* [ACTIVITY]:
Line tally for the word "Long": count the lines below that contain it and reply with the number alone.

Short web captions:
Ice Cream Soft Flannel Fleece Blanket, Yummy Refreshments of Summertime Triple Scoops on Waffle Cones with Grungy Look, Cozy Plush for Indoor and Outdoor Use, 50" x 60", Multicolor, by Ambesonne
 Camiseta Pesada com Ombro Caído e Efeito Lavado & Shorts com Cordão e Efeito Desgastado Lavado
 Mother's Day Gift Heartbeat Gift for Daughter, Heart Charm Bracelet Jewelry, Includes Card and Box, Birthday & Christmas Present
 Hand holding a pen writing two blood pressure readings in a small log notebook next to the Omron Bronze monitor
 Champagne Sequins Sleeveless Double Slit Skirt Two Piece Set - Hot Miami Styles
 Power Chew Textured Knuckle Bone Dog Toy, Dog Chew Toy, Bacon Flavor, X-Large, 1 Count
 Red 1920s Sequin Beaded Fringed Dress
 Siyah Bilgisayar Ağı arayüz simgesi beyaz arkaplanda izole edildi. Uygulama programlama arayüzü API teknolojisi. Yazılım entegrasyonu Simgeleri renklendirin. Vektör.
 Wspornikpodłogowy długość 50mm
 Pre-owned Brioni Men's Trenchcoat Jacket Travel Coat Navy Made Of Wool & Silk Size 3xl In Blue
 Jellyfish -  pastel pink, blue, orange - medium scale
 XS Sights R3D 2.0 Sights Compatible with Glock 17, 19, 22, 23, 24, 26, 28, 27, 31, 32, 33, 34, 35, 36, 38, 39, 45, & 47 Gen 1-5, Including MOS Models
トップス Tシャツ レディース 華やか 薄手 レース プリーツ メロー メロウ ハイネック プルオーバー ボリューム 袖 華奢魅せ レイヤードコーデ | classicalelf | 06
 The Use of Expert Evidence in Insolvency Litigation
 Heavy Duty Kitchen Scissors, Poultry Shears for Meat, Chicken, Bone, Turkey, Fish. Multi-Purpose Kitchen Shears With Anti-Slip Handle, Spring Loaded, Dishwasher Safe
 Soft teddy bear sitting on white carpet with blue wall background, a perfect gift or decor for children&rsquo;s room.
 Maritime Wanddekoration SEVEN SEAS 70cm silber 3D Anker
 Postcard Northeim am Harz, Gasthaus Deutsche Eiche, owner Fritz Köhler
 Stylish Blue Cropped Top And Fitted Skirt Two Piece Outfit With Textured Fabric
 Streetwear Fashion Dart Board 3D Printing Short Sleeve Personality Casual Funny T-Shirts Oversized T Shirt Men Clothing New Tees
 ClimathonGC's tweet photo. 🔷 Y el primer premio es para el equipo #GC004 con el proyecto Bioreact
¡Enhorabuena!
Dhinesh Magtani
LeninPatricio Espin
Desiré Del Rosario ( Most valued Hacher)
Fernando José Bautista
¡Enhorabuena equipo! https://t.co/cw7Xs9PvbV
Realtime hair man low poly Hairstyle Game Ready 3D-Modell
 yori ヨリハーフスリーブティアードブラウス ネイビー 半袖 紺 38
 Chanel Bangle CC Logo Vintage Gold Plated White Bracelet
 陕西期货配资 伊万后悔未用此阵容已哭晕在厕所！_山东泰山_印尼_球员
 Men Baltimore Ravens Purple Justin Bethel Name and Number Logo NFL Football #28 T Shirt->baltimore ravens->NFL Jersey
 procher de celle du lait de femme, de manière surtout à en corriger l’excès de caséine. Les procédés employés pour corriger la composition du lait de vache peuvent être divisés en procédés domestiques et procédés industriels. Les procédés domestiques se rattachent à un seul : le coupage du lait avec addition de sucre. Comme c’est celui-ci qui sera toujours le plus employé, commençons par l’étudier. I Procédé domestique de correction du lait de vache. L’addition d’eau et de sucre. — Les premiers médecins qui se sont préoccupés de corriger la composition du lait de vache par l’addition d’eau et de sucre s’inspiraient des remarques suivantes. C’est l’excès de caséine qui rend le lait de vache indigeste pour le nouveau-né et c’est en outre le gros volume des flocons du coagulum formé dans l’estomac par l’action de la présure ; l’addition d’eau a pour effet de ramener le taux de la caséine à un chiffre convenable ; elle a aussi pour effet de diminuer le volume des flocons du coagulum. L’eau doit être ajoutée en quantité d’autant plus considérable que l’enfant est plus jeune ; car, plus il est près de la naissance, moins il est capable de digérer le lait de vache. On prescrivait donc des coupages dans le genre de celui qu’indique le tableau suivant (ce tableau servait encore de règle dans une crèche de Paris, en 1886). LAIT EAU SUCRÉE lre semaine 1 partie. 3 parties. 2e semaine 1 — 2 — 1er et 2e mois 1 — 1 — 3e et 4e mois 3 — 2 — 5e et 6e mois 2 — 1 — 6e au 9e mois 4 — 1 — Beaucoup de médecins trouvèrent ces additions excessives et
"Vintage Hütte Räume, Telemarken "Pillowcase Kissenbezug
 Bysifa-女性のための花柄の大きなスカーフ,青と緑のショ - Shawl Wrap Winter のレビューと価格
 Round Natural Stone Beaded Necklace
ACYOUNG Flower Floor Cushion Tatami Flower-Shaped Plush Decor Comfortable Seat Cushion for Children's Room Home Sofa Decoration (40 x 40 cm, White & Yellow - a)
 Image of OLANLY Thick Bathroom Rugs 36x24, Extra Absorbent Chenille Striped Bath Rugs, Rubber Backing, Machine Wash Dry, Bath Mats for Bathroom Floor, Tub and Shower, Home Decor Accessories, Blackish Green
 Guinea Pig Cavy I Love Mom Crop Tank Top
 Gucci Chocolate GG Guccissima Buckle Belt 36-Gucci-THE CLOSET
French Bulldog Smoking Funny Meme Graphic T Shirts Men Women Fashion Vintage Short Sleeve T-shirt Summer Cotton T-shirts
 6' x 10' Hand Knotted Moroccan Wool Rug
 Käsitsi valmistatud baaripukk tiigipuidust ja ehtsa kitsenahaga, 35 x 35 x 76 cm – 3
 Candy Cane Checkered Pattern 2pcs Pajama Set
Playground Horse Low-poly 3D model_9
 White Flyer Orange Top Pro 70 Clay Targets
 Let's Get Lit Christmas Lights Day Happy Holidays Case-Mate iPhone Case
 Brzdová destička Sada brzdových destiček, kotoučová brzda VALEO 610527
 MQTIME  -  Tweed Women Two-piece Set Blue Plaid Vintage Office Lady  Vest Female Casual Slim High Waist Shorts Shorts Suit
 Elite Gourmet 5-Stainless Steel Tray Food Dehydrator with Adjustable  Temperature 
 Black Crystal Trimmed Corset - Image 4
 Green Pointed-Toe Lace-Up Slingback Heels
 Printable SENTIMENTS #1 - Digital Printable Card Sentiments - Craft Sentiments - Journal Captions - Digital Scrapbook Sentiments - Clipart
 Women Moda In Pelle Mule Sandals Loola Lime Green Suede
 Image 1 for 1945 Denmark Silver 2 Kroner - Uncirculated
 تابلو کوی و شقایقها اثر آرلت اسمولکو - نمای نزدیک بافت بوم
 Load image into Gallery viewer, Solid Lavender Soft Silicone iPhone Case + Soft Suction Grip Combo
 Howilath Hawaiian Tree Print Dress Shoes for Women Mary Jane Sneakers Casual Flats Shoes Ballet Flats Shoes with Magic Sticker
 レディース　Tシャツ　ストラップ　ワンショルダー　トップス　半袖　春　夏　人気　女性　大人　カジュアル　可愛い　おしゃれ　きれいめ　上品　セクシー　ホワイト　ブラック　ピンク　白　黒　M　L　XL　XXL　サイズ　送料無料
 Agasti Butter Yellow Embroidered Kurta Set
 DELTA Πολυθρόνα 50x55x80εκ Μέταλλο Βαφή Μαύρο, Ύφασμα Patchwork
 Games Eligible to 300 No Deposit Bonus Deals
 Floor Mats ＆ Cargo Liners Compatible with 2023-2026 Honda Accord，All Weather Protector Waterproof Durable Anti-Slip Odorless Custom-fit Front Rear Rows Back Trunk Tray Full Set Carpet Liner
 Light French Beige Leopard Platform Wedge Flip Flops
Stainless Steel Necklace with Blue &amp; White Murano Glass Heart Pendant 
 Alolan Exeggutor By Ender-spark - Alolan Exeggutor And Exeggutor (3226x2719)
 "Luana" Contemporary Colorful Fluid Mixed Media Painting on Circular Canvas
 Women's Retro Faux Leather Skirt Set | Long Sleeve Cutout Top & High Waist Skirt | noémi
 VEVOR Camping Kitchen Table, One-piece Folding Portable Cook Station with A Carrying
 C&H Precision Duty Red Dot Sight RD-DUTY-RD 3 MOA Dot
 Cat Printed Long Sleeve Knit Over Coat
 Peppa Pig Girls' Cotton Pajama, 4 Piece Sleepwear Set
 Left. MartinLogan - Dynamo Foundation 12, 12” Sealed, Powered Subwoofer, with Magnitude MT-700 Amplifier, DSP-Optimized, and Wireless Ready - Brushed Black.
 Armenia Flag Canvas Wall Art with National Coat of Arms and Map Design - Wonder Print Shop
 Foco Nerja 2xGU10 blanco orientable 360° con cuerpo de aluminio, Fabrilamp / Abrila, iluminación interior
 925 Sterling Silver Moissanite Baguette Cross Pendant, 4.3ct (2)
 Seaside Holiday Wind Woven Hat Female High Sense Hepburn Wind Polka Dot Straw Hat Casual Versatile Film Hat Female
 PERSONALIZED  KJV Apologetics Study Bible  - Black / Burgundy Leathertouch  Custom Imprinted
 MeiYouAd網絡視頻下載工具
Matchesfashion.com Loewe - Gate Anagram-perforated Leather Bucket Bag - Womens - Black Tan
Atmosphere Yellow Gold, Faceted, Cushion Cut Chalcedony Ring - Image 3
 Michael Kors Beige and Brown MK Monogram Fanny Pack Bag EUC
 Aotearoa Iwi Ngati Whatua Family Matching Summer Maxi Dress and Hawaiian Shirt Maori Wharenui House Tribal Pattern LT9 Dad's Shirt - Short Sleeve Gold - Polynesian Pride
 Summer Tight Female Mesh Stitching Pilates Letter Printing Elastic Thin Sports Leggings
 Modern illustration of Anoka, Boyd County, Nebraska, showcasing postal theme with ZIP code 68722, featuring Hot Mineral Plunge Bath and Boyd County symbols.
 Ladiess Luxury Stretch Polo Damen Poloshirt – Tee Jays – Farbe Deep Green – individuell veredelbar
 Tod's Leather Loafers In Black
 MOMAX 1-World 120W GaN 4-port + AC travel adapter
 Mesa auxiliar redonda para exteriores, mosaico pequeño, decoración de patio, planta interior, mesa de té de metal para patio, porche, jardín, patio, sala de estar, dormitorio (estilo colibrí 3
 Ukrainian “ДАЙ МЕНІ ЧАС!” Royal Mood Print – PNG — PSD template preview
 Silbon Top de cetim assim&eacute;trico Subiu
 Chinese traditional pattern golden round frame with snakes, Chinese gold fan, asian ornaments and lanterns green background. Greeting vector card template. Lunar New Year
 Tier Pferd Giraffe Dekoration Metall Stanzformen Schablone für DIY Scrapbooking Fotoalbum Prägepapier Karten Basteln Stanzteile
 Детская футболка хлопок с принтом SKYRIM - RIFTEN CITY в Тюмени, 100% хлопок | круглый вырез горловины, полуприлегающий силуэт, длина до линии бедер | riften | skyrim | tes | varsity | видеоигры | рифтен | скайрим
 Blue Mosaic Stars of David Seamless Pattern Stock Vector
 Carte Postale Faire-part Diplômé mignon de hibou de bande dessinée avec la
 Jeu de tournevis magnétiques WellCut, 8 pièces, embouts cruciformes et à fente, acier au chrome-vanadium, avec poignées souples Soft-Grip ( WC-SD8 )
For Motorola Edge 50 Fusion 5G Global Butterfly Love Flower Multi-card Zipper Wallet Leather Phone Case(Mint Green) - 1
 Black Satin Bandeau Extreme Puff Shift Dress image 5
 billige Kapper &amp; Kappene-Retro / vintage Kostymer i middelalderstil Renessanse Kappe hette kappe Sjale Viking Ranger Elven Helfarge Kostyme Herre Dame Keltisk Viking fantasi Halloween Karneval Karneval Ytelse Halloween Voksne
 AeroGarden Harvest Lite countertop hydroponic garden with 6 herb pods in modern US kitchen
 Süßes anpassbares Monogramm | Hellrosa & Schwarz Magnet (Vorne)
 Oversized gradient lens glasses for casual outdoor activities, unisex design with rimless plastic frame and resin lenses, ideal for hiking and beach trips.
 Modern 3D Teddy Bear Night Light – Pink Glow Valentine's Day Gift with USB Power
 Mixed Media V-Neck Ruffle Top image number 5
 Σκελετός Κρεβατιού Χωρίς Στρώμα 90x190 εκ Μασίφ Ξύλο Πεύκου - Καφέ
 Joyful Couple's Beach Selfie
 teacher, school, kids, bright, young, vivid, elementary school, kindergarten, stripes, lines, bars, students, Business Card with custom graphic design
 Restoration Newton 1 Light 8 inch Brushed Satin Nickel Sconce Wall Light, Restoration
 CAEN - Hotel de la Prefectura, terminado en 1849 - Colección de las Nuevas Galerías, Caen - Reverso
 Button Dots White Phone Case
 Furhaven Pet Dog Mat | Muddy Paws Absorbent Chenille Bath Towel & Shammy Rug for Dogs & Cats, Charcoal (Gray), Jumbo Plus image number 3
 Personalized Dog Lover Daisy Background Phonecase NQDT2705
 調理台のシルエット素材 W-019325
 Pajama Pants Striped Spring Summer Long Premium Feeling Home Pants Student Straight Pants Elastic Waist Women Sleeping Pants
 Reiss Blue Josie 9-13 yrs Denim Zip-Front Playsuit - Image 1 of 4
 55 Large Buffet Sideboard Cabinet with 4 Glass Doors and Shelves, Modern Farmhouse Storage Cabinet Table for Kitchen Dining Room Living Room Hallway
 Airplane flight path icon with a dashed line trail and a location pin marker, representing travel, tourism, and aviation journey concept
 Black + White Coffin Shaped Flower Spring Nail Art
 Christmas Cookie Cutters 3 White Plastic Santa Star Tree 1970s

* [WRITTEN ANSWER]:
3